Well, sort of -- mostly.  And yes, modulo fixing minor issues that may
or may not show up when I review, it I'll merge this.  But:

    > I do `pure merges' from my auxilarly branches to my main branch, 

That's the only caveat.   You _say_ you do pure merges -- and you
probably do -- but you'll have to maintain a discipline to be sure
that that's _really_ what you do.

The "danger scenario" here is that you set out to do a pure merge into
your main branch.   You do the merge and, let's say that the
build/test reveals a minor unrelated bug or you notice some unrelated
bug while fixing a merge conflict.   Without thinking about it, you
fix that one-line bug, then commit (along with the merge itself).

Now your pure merge isn't pure because it contains changes other than
the merge.  If using --skip-present causes the impure patch that
includes that bug-fix to be skipped, the bug fix is dropped.

The original plan (like, early 2002) was to try to make some commands
for idempotent merging that wouldn't let you make such mistakes.  The
serious problem with the original plan is nobody could think of how
such commands might work on systems that don't have the system call
`perform_magic()' (which I think was scheduled to be added to the
Tahoe BSD release but was dropped as part of the settlement with AT&T.
SCO may have aquired the code for it and if it turns out that XFS is
using `perform_magic()' internally -- that's probably the _real_ basis
for their suit).

The good news is that Rob (starting with larch) plowed ahead with
variations on his approximation of perfect idempotent merges and, even
though I tried to maximize the amount of theory-based skepticism I
exuded about it, he's found it quite useful in practice.  (I think
some other people have as well and now you, too.)

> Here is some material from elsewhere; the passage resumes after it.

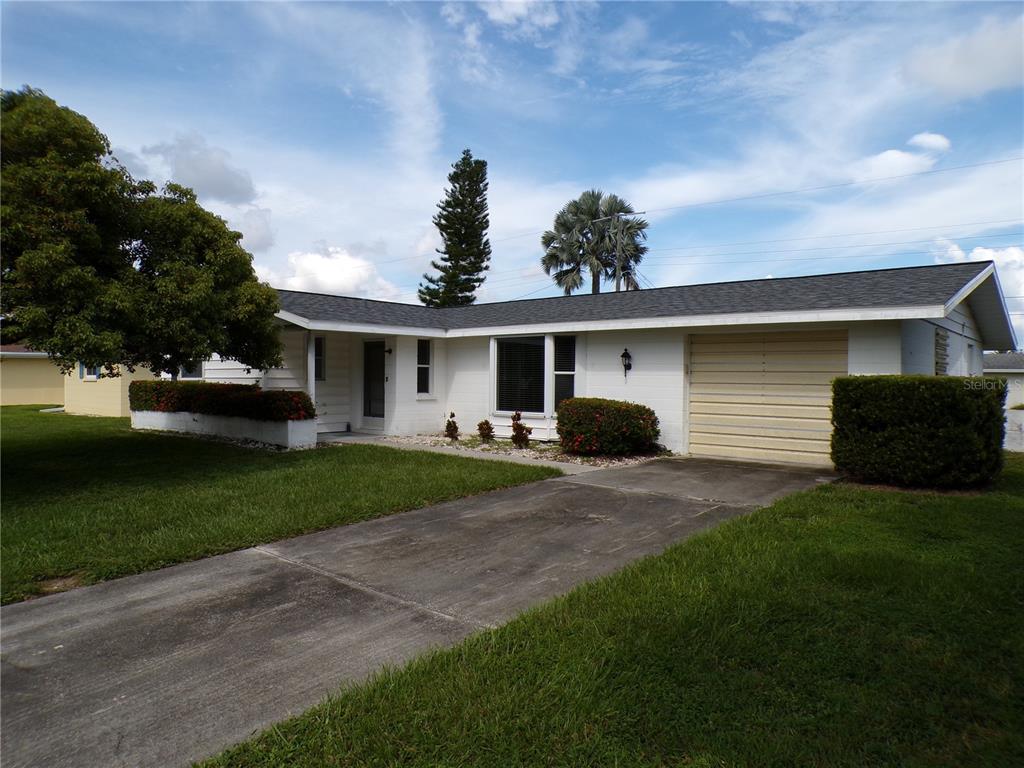 a front view of a house with a yard and trees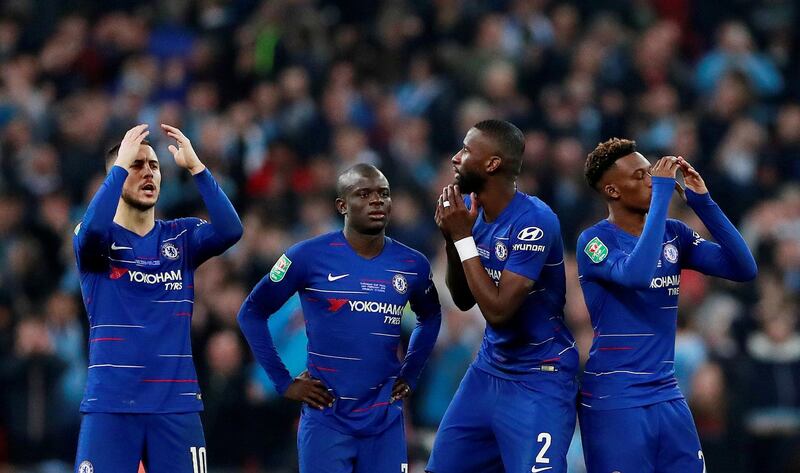 Chelsea players react during the penalty shootout. Action Images via Reuters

So, I'll merge this yes: but also when there's a tutorial chapter on
"The pure-merge Style of Cooperation" perhaps it should take some time
to warn about the danger scenario described above.

    > and
    > then later want to just do a normal merge from the main branch to the
    > aux branches, but star-merge always gets completely confused by the
    > previous pure merges (and of course replay just gets conflicts).
    > Now I can just do replay --skip-present to do the main->aux merges!

And if you toss in some appropriate sync-trees, there, or if the
merges thus performed happens to give you the latest patch-logs in
main and in the branches, then star-merge will be happy again.

In other words, if for some project the "cost of maintaining pure
merge discipline" is an issue and star-merge is preferred when it
applies, you can pretty easily go back and forth between modes where
star-merge is doing the right thing and where --skip-present is
letting you "bend the patch-flow rules" when you have to.

(For something like your private Emacs branches, you having a clue
what you're doing when you use arch, the cost of maintaining pure
merge discipline is presumably quite low and recovery in cases where
you realize you've screwed up quite trivial.  I think that _that's_ the
core of the practical fact that trumped my in-theory skepticism.)